Saverio Cervellati ha ucciso la compagna Cinzia Fusi "colpendola ferocemente una prima volta all’improvviso quindi ripetutamente, senza lasciarle alcuna via di scampo". E il tutto perché mosso dalla "gelosia" e dalla "paura di perdere la donna amata per la quale aveva rinunciato alla sua famiglia". Sono le parole con cui i giudici della corte d’Assise descrivono l’omicidio della 34enne di Cologna, avvenuto il 24 agosto del 2019 nel garage del negozio di casalinghi ‘Spendi bene’ di via Primicello, a Copparo. Per quel fatto di sangue, nell’ottobre scorso è stato condannato all’ergastolo il compagno e datore di lavoro della vittima, Cervellati appunto, commerciante di 54 anni. Nelle diciannove pagine di motivazioni alla sentenza, la corte ricostruisce nei dettagli l’aggressione subita dalla giovane donna puntando il dito sul mancato pentimento dell’omicida e sulla sua volontà di "non fare emergere completamente i reali accadimenti", tra cui "l’intensità del dolo omicidiario" posto in essere "verso una donna inerme che non si è difesa". Insomma, una volontà di uccidere di "spiccata intensità" seguita da una confessione dettata, secondo i giudici, non da un gesto spontaneo bensì imposto "dalla presenza ‘in loco’ dei carabinieri", fermi per un posto di controllo a pochi metri dal negozio.

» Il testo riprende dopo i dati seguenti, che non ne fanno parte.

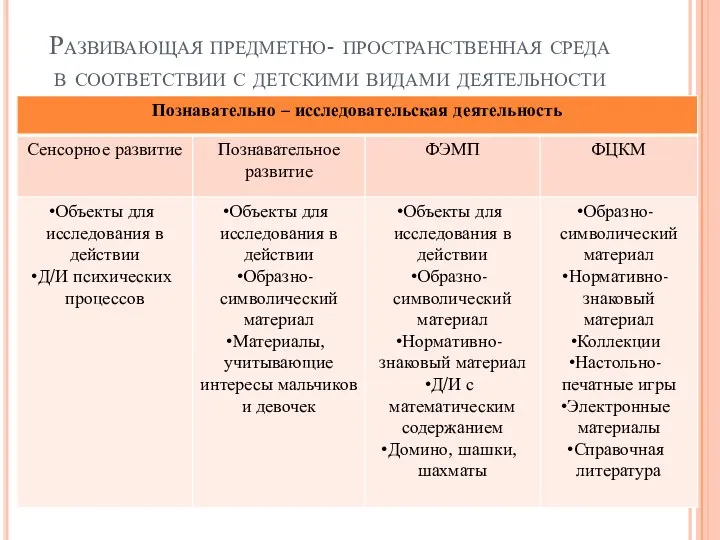 Развивающая предметно- пространственная среда в соответствии с детскими видами деятельности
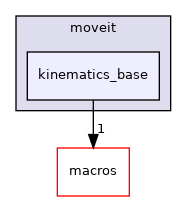 moveit_core/kinematics_base/include/moveit/kinematics_base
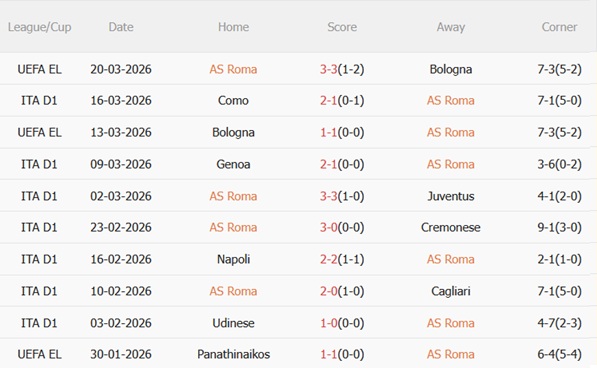 Nhận định Roma vs Lecce 00h00 ngày 233 (Serie A 202526) 4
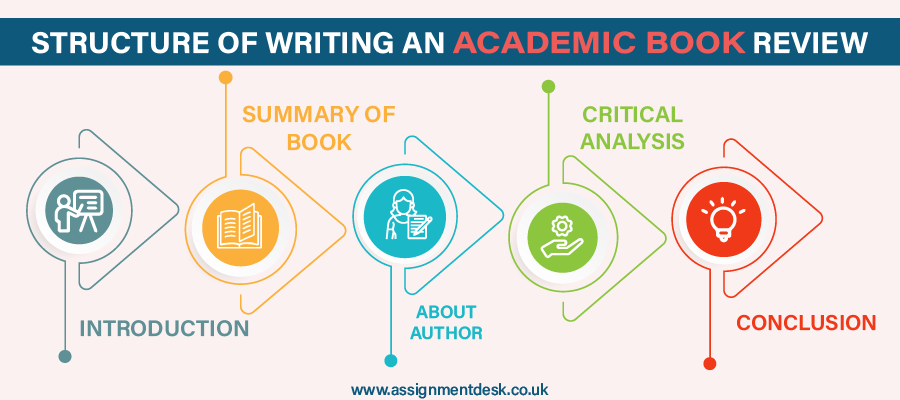structure of writing an academic book review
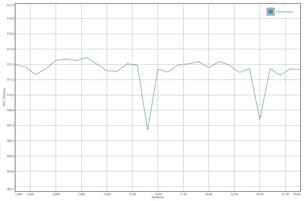 Teste de bateria GFXBench Manhattan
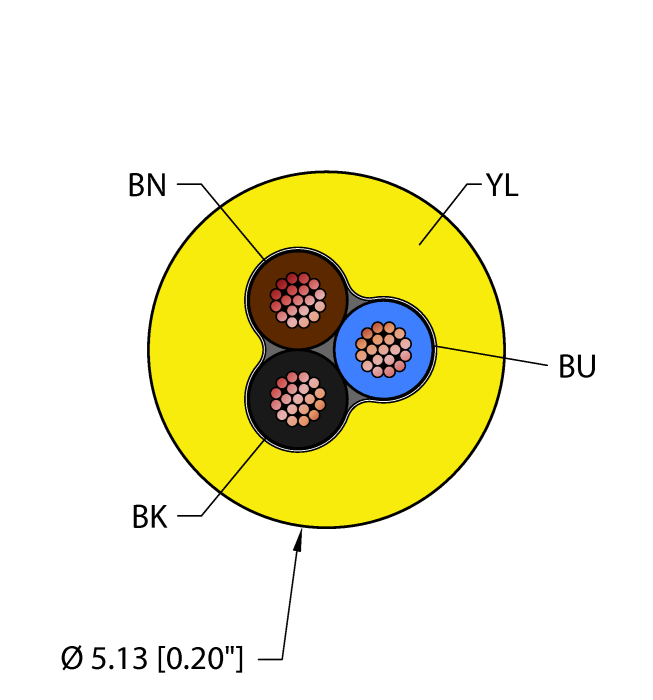 YEL,PVC,3X22,ITC,FLturck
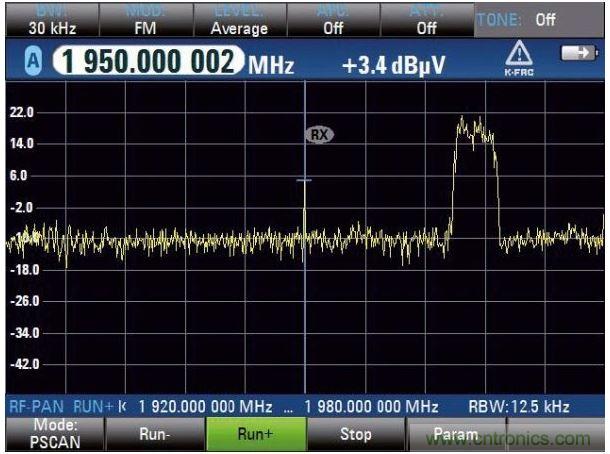 PSCAN掃描上行鏈路，UMTS電話占用3.84MHz帶寬，中心頻率（1.95GHz）顯示窄帶射頻干擾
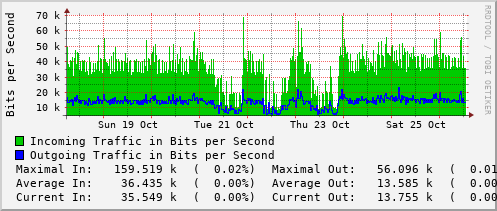 weekly-graph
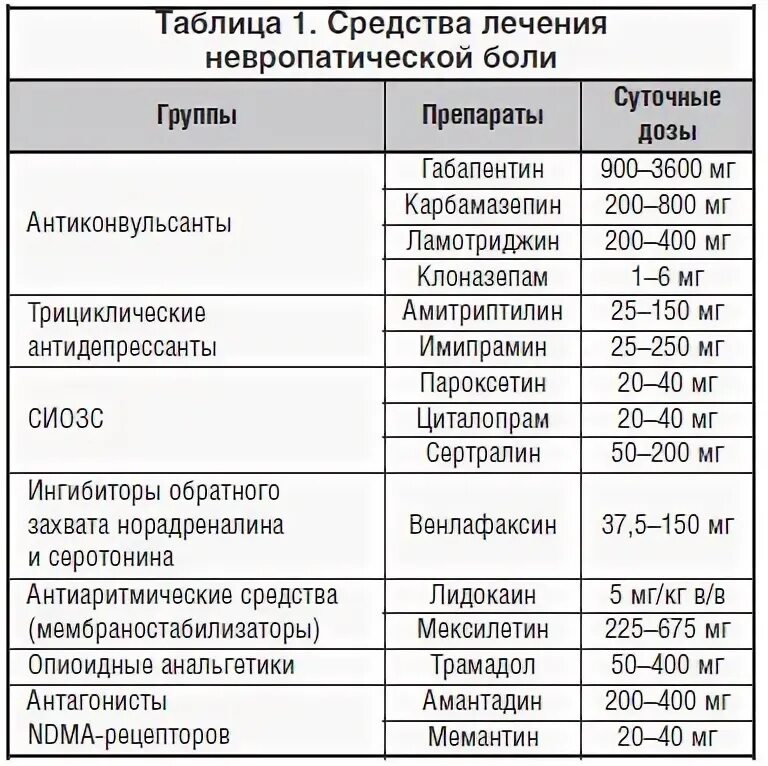 Сколько месяцев лечится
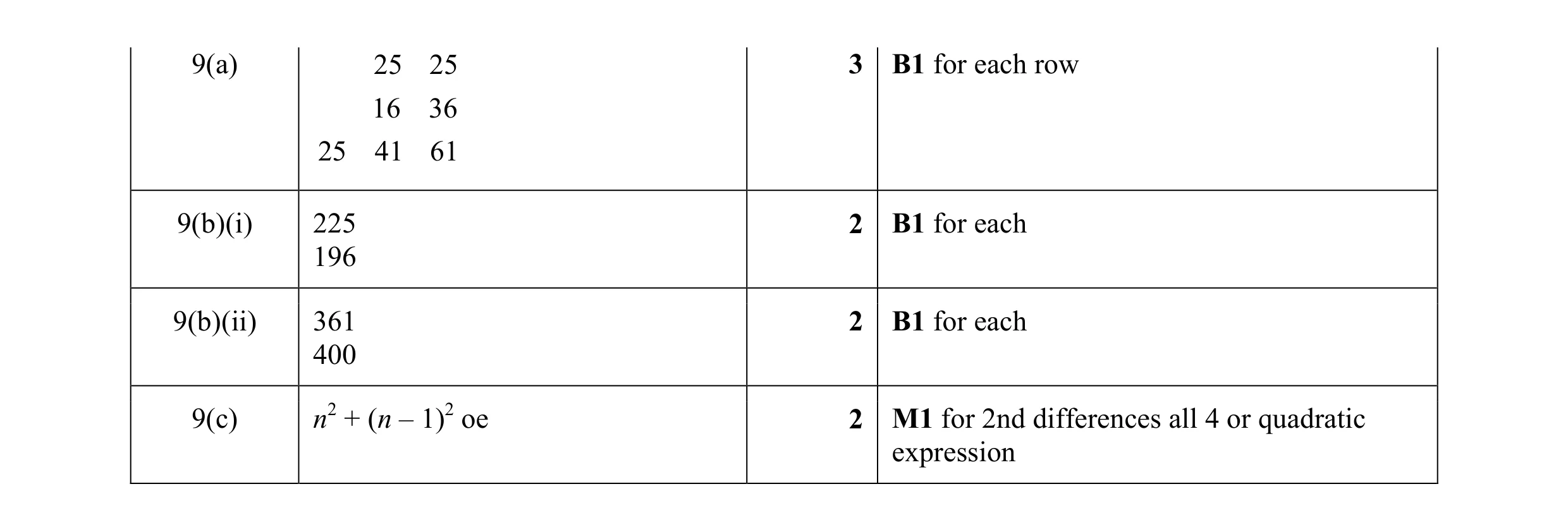 Mark scheme for question 4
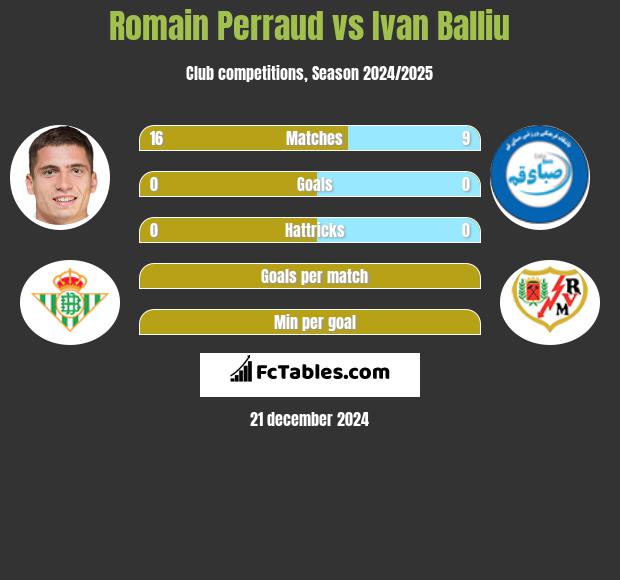 Romain Perraud vs Ivan Balliu h2h player stats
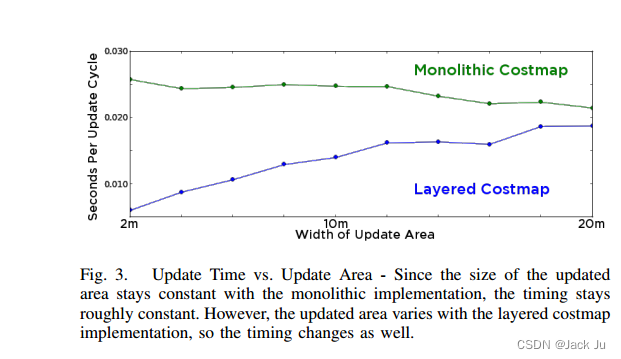 Costmap文献阅读——Layered Costmaps for Context-Sensitive Navigation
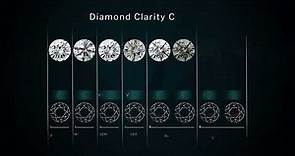 4C's of Diamonds - How to spot the perfect diamond?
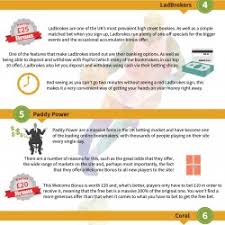 Infographic Of Best Sports Betting Sites Free Bets In Uk Visual Ly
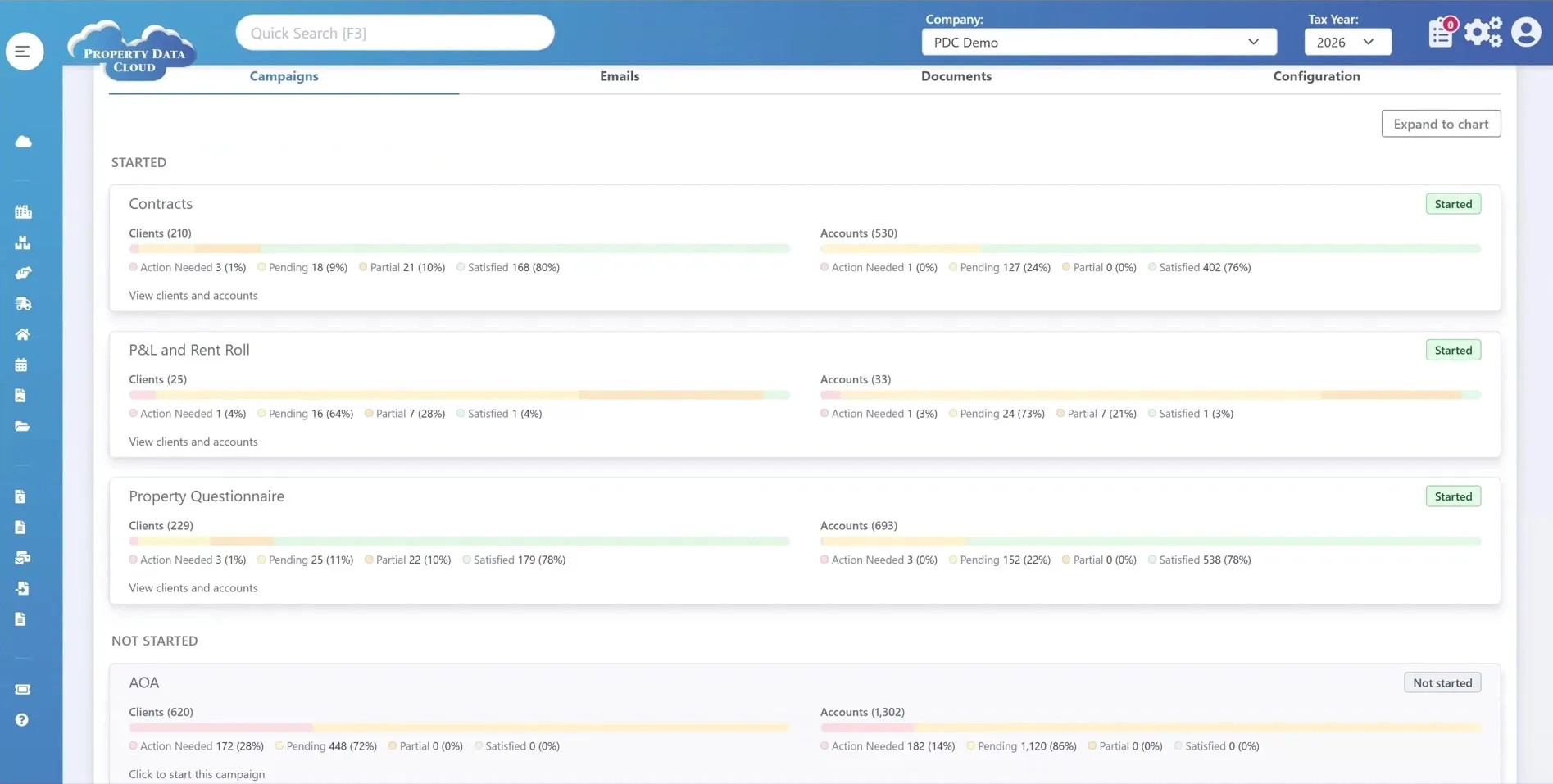 Automate Repetitive Administrative Work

Sulla base di questa convinzione – fortemente contestata dalla difesa di Cervellati che ha già fatto ricorso in appello – i giudici hanno negato all’imputato le attenuanti, comprese quelle legate al comportamento tenuto subito dopo i fatti e durante il processo. Secondo la corte, infatti, un vero pentimento "non c’è mai stato". Ciò sarebbe dimostrato non solo dal fatto che dopo "l’orribile crimine" non si sarebbe attivato "per salvare la donna che era ancora" agonizzante ma anche dal non aver fornito spiegazioni credibili su quanto fatto in quell’ora trascorsa tra l’aggressione e la confessione. Per la corte, Cervellati non avrebbe mai chiarito "perché avesse posizionato all’interno della bocca" di Cinzia "un fazzoletto" né perché si fosse "lavato accuratamente e cambiato d’abiti, perché avesse inviato dei messaggi a sua moglie con la modalità di lettura ritardata e perché avesse cancellato tutti i file afferenti a Fusi presenti sul suo computer e sul suo cellulare".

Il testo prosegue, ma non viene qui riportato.